Thanks for any help or advice


----------



## Jo Valentine (Jul 19, 2008)

Christlake said:


> Hi everyone
> My wife and I have decided that we would love to give Cyprus a try, I retired from work last year and we have our house on the market at the moment,but before selling and burning our bridges we thought we would take out a long term let and try to get a feel for Cyprus. Just wondered if anyone has any tips or where we might be able to get in touch with people who have made the move.
> Thanks for any help or advice


Hello, and welcome!
Best advice is to have a really good tour of the Island before even committing to rental - and have a look at the North too, where property is cheaper and everything is less busy. Best wishes for a happy retirement!
Jo Valentine


----------



## Veronica (Apr 5, 2008)

Jo Valentine said:


> Hello, and welcome!
> Best advice is to have a really good tour of the Island before even committing to rental - and have a look at the North too, where property is cheaper and everything is less busy. Best wishes for a happy retirement!
> Jo Valentine


Property is cheaper in the North because most of it is illegally built on Greek Cypriot owned land.
Anyone buying there will never legally own the land their home stands on no matter what assurances they are given.


----------



## Chris & Andrea (Feb 15, 2008)

Hi & welcome to the forum. I think you are definately following the favoured option before committing to a permanent move. We look at a number of village locations before committing mourselves. If it helps & you are interested in a long term rental in the village of Polemi 17 km from Paphos; our villa is nearing completion (Nov/Dec), but due to the current UK property market we are delaying a permanent move for the forseeable future. PM (private message) us if you wish. Regards, Chris


----------



## kimonas (Jul 19, 2008)

*Never Say Never*



Veronica Kneeshaw said:


> Property is cheaper in the North because most of it is illegally built on Greek Cypriot owned land.
> Anyone buying there will never legally own the land their home stands on no matter what assurances they are given.
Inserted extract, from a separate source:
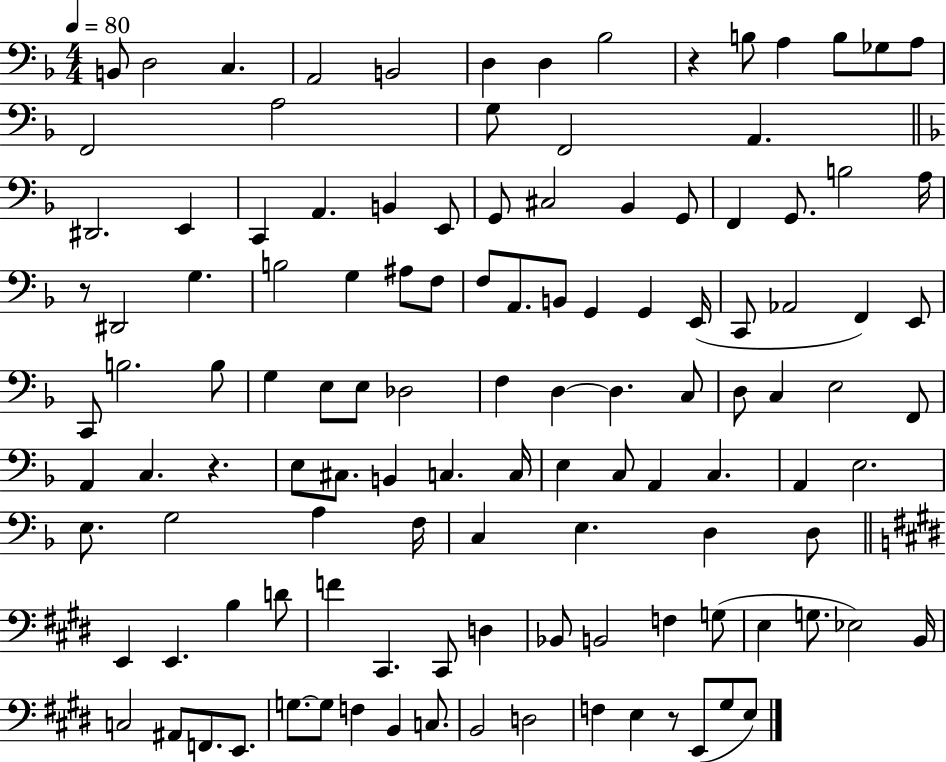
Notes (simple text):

B2/e D3/h C3/q. A2/h B2/h D3/q D3/q Bb3/h R/q B3/e A3/q B3/e Gb3/e A3/e F2/h A3/h G3/e F2/h A2/q. D#2/h. E2/q C2/q A2/q. B2/q E2/e G2/e C#3/h Bb2/q G2/e F2/q G2/e. B3/h A3/s R/e D#2/h G3/q. B3/h G3/q A#3/e F3/e F3/e A2/e. B2/e G2/q G2/q E2/s C2/e Ab2/h F2/q E2/e C2/e B3/h. B3/e G3/q E3/e E3/e Db3/h F3/q D3/q D3/q. C3/e D3/e C3/q E3/h F2/e A2/q C3/q. R/q. E3/e C#3/e. B2/q C3/q. C3/s E3/q C3/e A2/q C3/q. A2/q E3/h. E3/e. G3/h A3/q F3/s C3/q E3/q. D3/q D3/e E2/q E2/q. B3/q D4/e F4/q C#2/q. C#2/e D3/q Bb2/e B2/h F3/q G3/e E3/q G3/e. Eb3/h B2/s C3/h A#2/e F2/e. E2/e. G3/e. G3/e F3/q B2/q C3/e. B2/h D3/h F3/q E3/q R/e E2/e G#3/e E3/e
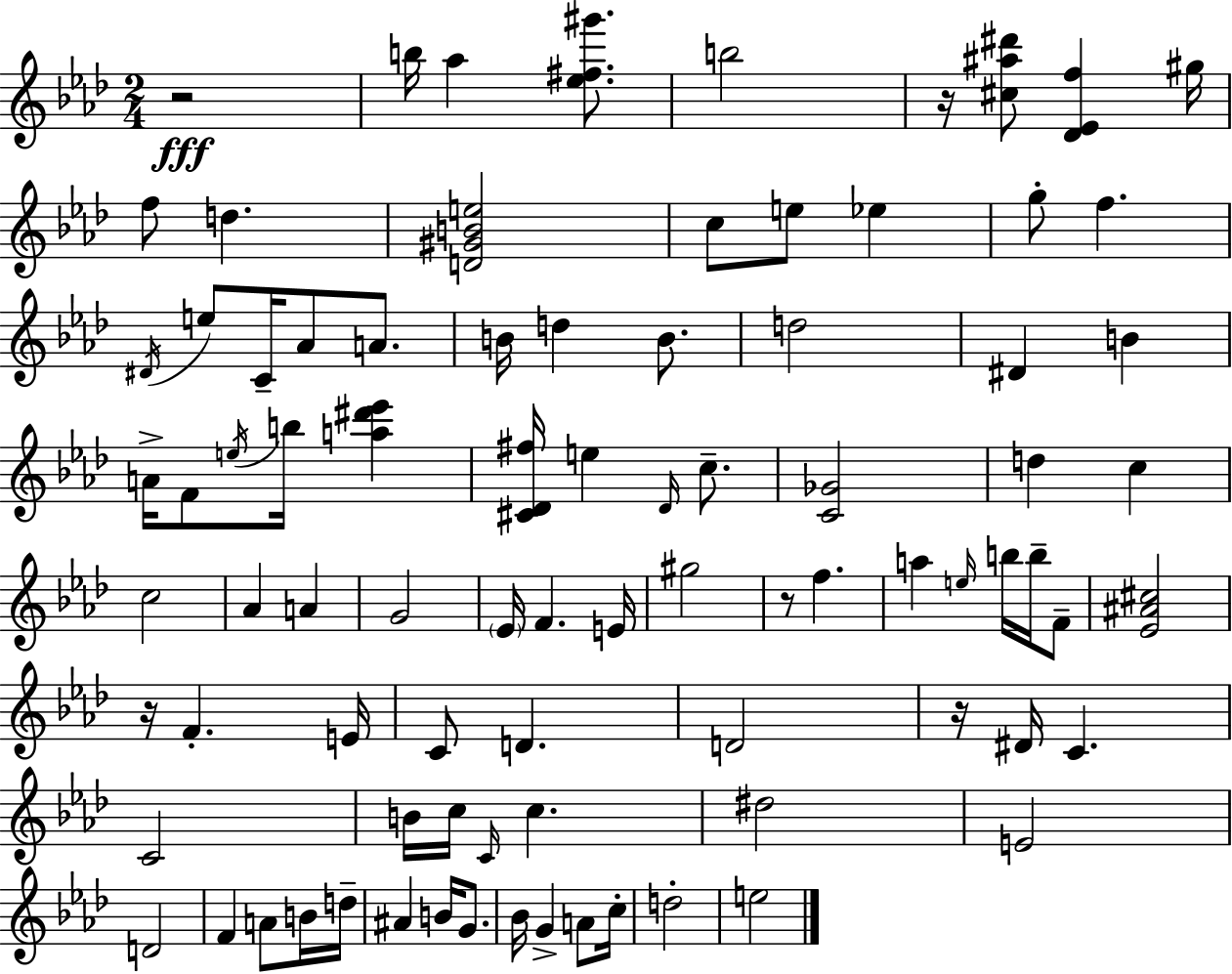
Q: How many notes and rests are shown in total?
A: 86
I have no wish whatever to open up the painful debate about the North/South, divide but saying never is a bit final. Much of the land was owned by the Church which came to an agreement (albeit not publicly) soon after the TRNC established itself as a (non-recognised) entity in the early 80s and there were thousands of plots that were not owned by GCs. Thousands of GC people were illegally forced out of their properties during the conflict and will want and should get them back. It is true that ownership there is an absolute minefield and would be buyers should be extremely careful and do ceaseless research before commiting. An agreement between the N/S is in progress and doubtless in the future there will be great opportunities on both sides for developments in the real estate and property markets. Cyprus is set to become a bifederal state and legal issues of ownership will slowly but surely be resolved, at which point the illegally owned properties will be confiscated or compensated and those that are deemed illegal only on the grounds of the TRNCs non recognised international status will become 'legal'.


----------



## Veronica (Apr 5, 2008)

Jo Valentine said:


> The posting regarding Greek Cypriot owned land is misleading and untrue, and Ms Kneeshaw, as a 'Moderator' was being far from moderate. Perhaps we should ask who owns the land on which Larnaca airport is built ? I'm not pro or anti Greek or Turk, and am hopeful that the Peace talks will bring about a solution to the problem, but in the meantime could we please stick to the truth?FONT]




The issue of who owns the land larnaca airport is built has absolutely nothing to do with the matter that was being discussed. That is for the parties involved to sort out compensation from the Cyprus government. It is no different from compulsary purchasing of land that happens everywhere when motorways and airports etc are being built.
The truth however is that land which belongs to Greek Cypriots HAS been built on illegally and the Turrkish government has issued title deeds which are not recognised by the international community. The only title deeds which have any legal standing are those issued by Nicosia pre 1974 regardless of whether the land is owned by Greek or Turkish Cypriots.
As Kimonas says once the problems between the two halves of the island are resolved many of these illegal properties will be confiscated and buyers will lose everything.
Yes of course there are also a lot of legally built and sold properties but buyers need to be absolutely certain that any properties they wish to buy are not on Greek Cypriot owned land and they need to be aware that the cheaper properties are very likely to be such illegal ones.
Everyone hopes that the problems will be resolved but once they are there will be many things to sort out.

Veronica


----------